A SENIOR Lecturer in Classics and Digital Humanities at the University of Exeter will give a talk in Crediton on Monday, April 14.

Dr Charlotte Tupman will speak on the subject: “Creating and Connecting Data on Ancient People: the challenges of making a digital resource and the opportunities of using new technologies”.

She will be exploring how people can make use of the latest technologies to advance understanding of antiquity.

Her talk will take place at the Boniface Centre in Church Lane, Crediton, from 7.30pm to 9.30pm.

All are welcome to attend and the cost is £2 for Crediton Area History and Museum Society members and £5 for non-members.

The admission cost includes refreshments.

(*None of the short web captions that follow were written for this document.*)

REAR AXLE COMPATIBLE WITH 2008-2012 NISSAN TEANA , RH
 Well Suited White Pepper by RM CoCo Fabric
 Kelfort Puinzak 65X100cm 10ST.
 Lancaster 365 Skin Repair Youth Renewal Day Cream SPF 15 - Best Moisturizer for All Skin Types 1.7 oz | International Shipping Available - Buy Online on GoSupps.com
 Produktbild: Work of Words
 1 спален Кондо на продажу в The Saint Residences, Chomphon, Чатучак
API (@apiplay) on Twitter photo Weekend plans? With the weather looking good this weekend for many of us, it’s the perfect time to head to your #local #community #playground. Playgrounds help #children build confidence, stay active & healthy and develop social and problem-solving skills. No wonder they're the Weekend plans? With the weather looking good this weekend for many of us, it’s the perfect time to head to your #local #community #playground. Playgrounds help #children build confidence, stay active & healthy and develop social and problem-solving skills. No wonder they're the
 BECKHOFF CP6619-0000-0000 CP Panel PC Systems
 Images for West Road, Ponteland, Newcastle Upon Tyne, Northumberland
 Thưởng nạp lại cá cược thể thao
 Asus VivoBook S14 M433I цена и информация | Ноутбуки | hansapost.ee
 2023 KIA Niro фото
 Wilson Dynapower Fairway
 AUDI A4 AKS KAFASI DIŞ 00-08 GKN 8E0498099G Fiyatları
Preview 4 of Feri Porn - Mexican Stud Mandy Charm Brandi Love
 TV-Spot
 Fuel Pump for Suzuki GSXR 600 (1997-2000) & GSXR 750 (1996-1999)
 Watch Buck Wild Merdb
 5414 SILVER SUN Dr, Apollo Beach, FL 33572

Dr Tupman is a member of the Department of Classics, Ancient History, Religion and Theology and am affiliated with the Digital Humanities Lab (DH Lab) and the Institute for Data Science and Artificial Intelligence, with research interests in Latin Epigraphy.

As one of the authors of the EpiDoc Guidelines she is involved in the collaborative development of international standards for the encoding and publication of inscriptions and papyri.

She has worked in the fields of Digital Humanities and Digital Classics for 20 years, specialising in the analysis and digital publication of ancient textual materials.

In this talk Dr Tupman will explore some of the challenges in working with both ancient and modern source materials to create digital resources that we can use for historical research.

She will draw upon her experience of creating digital editions and databases that are used by researchers to advance our understanding of antiquity, including a recent project, Connecting Late Antiquities, which provides prosopographical information about some of the key figures in Late Antiquity, focusing on Roman and post-Roman territories between the third and seventh centuries AD.

The project aims to connect multiple pieces of data about people in Late Antiquity to allow researchers to reveal the interconnectedness of religious and secular spheres that the scholarship had previously treated as separate areas of study.

This will include looking at how the three-volume Prosopography of the Later Roman Empire, which was originally published as a set of print volumes in the 1970s, was digitised and encoded.

Creating an up-to-date digital resource often requires close examination and re-reading of original source materials, so Dr Tupman will introduce some of the methods that we can now use to help us to interpret these sources, including ancient inscriptions.

This will include examining whether artificial intelligence methods can be used responsibly to enhance the process of capturing and interpreting data about our source materials.